In this embodiment, the dimensional relation is such that
E<C<D. By doing so, the difference between the length E and
the width C can be reduced, and therefore, the difference between
the frictional coefficients between the pressing roller 10 and the
heat resistive film 21 in the area within the length E and the
outside thereof, can be reduced, so that the difference in feeding
can be reduced.
Accordingly, the heat resistive film 21 can be stably fed by the
pressing roller 10 without damage of the edge portions of the heat
resistive film 21.
Film stopping surfaces 22a and 23a of the flanges 22 and 23 are
disposed within the length of the pressing roller 10. Therefore,
the edges of the heat resistive film 21 are protected even if the
film is laterally shifted.
The description will be made as to the pressing roller 10. The
pressing roller 10 cooperates with the linear heater 19 to form the
nip N with the heat resistive film 21 therein, and functions to
drive the heat resistive film 21. It is made of an elastic rubber
having a good parting property, such as silicone rubber. It is not
a straight roller but is reversely crowned, as shown in FIG. 9A or
9B, in which the reverse crowning is somewhat exaggerated. The
longitudinal end portions may be cut out, as indicated by reference
12a. The degree of the reverse crowning is 100-200 microns when the
effective length H of the pressing roller 10 is 230 mm, for
example.
If the pressing roller 10 is a straight roller, the pressure
distribution between the pressing roller 10 and the heat resistive
film 21 in the nip N over the width of the film is not uniform.
More particularly, the pressure is higher in the central portion
than in the marginal portions, as the case may be, depending on the
unavoidable manufacturing tolerances. If this occurs, the feeding
force to the film is larger in the central area than in the
marginal areas, and the film tends to deform toward the central
portions which receive a larger feeding force. This means that the
marginal portions are deformed to the central portion, with the
possible result of production of a film crease and of the crease of
the sheet P being introduced into the nip with such a film.

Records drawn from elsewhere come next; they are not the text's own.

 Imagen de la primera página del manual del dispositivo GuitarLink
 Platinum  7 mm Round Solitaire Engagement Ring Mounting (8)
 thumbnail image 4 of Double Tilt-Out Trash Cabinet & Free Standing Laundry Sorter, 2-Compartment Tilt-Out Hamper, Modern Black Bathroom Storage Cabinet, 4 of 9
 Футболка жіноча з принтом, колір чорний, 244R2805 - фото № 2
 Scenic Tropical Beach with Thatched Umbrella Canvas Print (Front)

However, in the present embodiment, the pressing roller 10 is
reverse crowned, and therefore, the pressure distribution is such
that the pressure is higher in the marginal areas than in the
central areas, so that the forces are applied to stretch the film
in the laterally outward directions, and therefore, the production
of a crease can be prevented in the heat resistive film 21 and the
sheet P.
The pressing roller of this embodiment functions to press-contact
the heat resistive film 21 to the heater 19, to drive the film at
the predetermined speed, and to press-contact the sheet P to the
surface of the heat resistive film 21 and drive the sheet P at the
predetermined speed when the sheet P is introduced in the nip N. By
doing so, the lateral shifting force is reduced, and the positional
accuracy of the pressing roller 10 and the gears for driving the
pressing roller 10, can be improved.
When the pressing function for urging the heat resistive film 21 or
the heat resistive film 21 and the sheet P, and the moving function
for moving the heat resistive film 21, are performed by a pressing
rotatable member (the necessary pressure is provided by pressing
the rotatable member), and a film driving rotatable member,
respectively, then the lateral edges of the heat resistive film 21
are liable to be creased or folded, if the alignment between the
linear heater 19 and the film driving mechanism, are disturbed.

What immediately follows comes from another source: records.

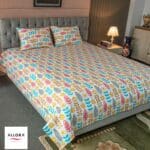 Leaf & Light Printed Bed Sheet - Yellow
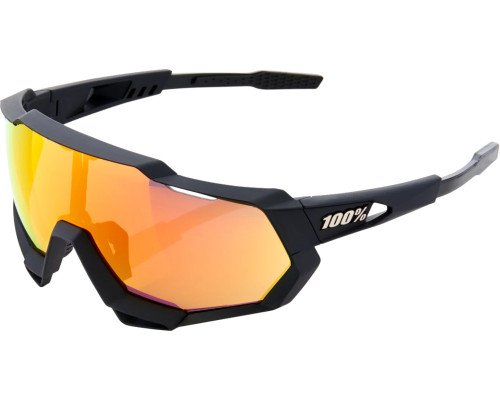 100% Speedtrap Sunglasses Soft Tact Black (HiPER Red Multilayer Mirror Lens)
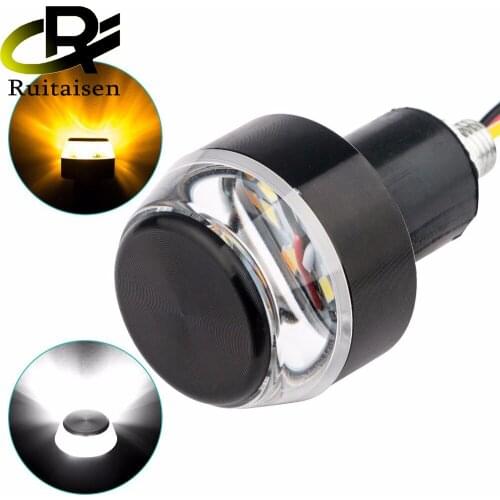 Motorcycle LED Handlebar End Turn Signal Light DC 12V White Yellow Blue Red Flasher Handle Grip Blinker Side Marker Hand LampLam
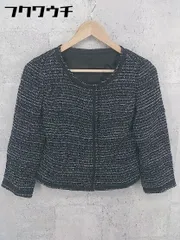 ◇ J＆R ジェイアンドアール ノーカラー ツイード ジャケット サイズM ブラック レディース 【中古】 【1002802330612】のサムネイル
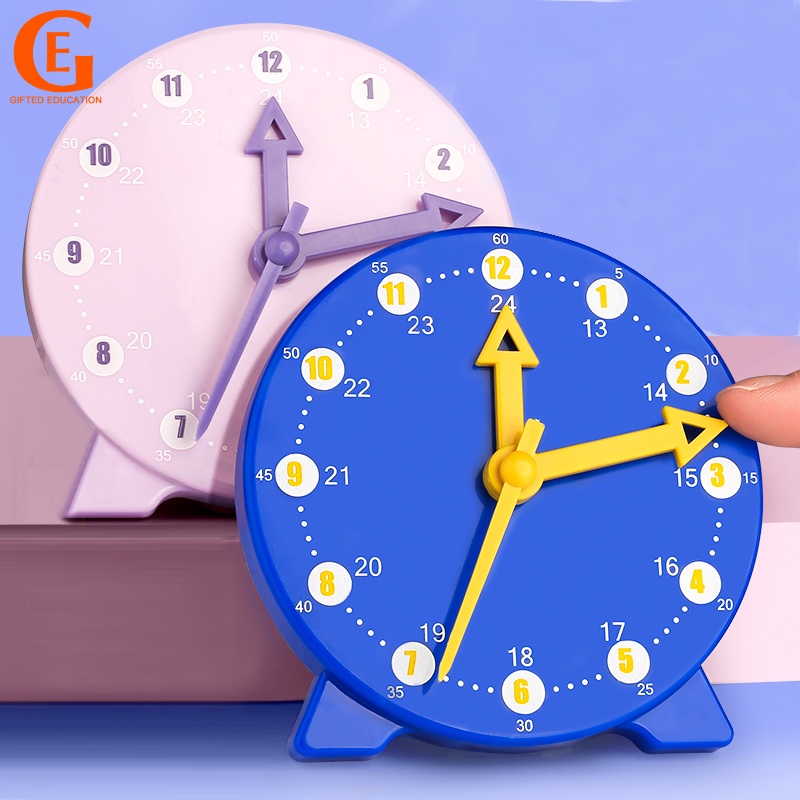 Mô hình đồng hồ đồ chơi 12H/24H 3 kim dạy học theo phương pháp Montessori cho bé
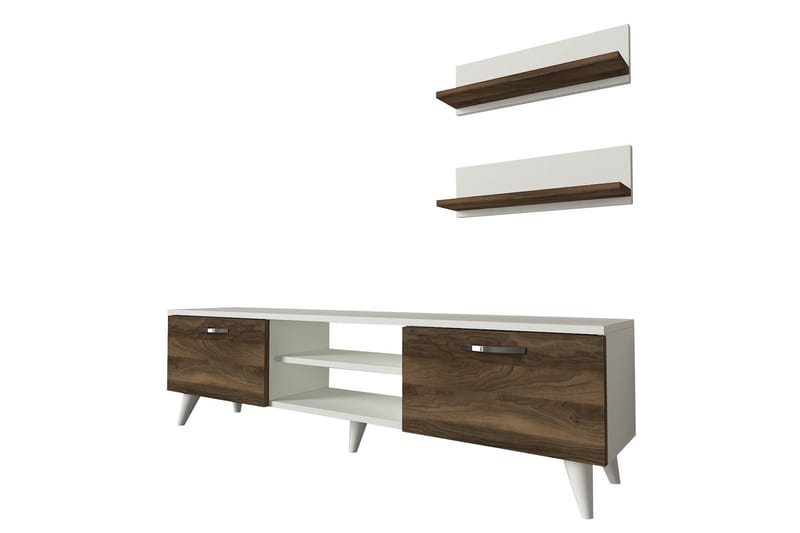KYRKEBERG TV-Möbelset 150 cm Brun/Vit - Vit/Brun - Tv-möbelset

When a pressing member functioning also as the film driving member
is urged by springs or the like to urge the pressing members to the
linear heater 19, the position of the rotatable member or the gears
for driving the rotatable member is not easily determined.
In this embodiment, the pressure required for fixing is applied to
the linear heater 19; the pressing roller 10 functions to urge the
sheet P to the heat resistive film 21: and the pressing roller 10
also functions to drive the heat resistive film 21 and the sheet P.

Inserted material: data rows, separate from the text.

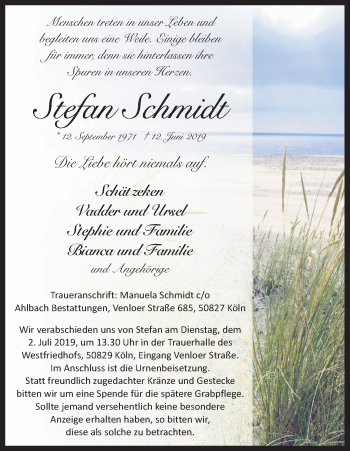 Anzeige von Stefan Schmidt von Kölner Stadt-Anzeiger / Kölnische Rundschau / Express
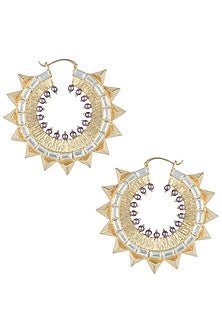 Gold plated stone and pearl chandbali earrings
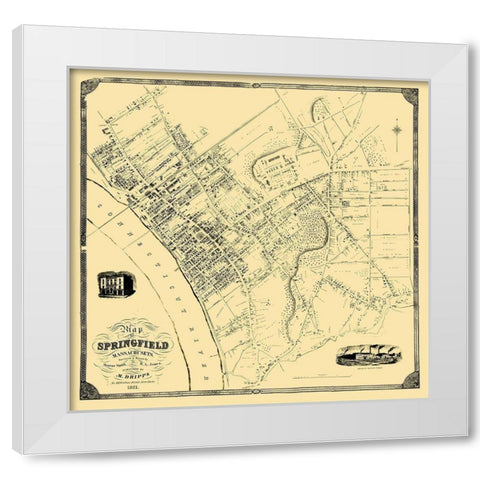 Springfield Massachusetts Landowner - Dripps 1851 White Modern Wood Framed Art Print by Dripps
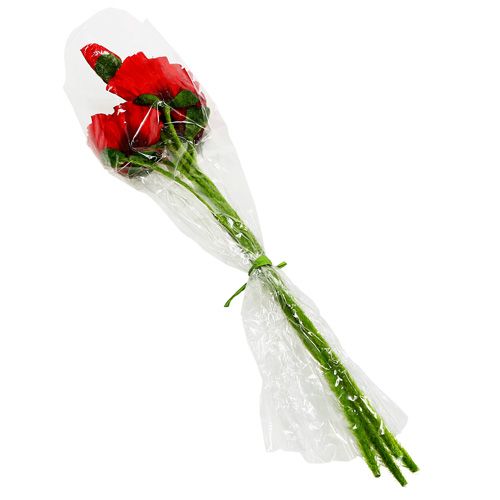 Floristik24 Papoilas vermelhas Ø7cm C 48cm 4pcs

Therefore, the advantageous effects described herein-before; and
can be provided. In addition, the structure of the apparatus can be
simplified, and a low cost reliable apparatus can be provided.
The pressing roller 10 may be in the form of an endless belt 10A,
as shown in FIG. 10.
The structure wherein the rotatable member 10 or 10A has the
functions of urging the heat resistive film 21 to the linear heater
19 and to drive the heat resistive film 21 is usable with the
tension free type apparatus as in this embodiment (at least a part
of the heat resistive film 21 is tension free irrespective of
whether the heat resistive film 21 is driven or not), and usable
with the film tension type (as shown in FIG. 13, the
circumferentially long film is always tensioned). In addition, it
is usable with various types of lateral shift preventing means such
as a sensor-solenoid type, rib-stopper type or end limiting type
(one side or two sides). The same advantageous effects can be
provided, but the present invention is most suitable to the tension
free type apparatus.
The description will be made as to the sheet discharging speed. The
sheet conveying speed V10 by the pressing roller 10 in the nip N
(the peripheral speed of the pressing roller 10), the sheet
discharging speed V34 of the discharging roller 34 (the peripheral
speed of the discharging roller 34) preferably satisfy V10>V34.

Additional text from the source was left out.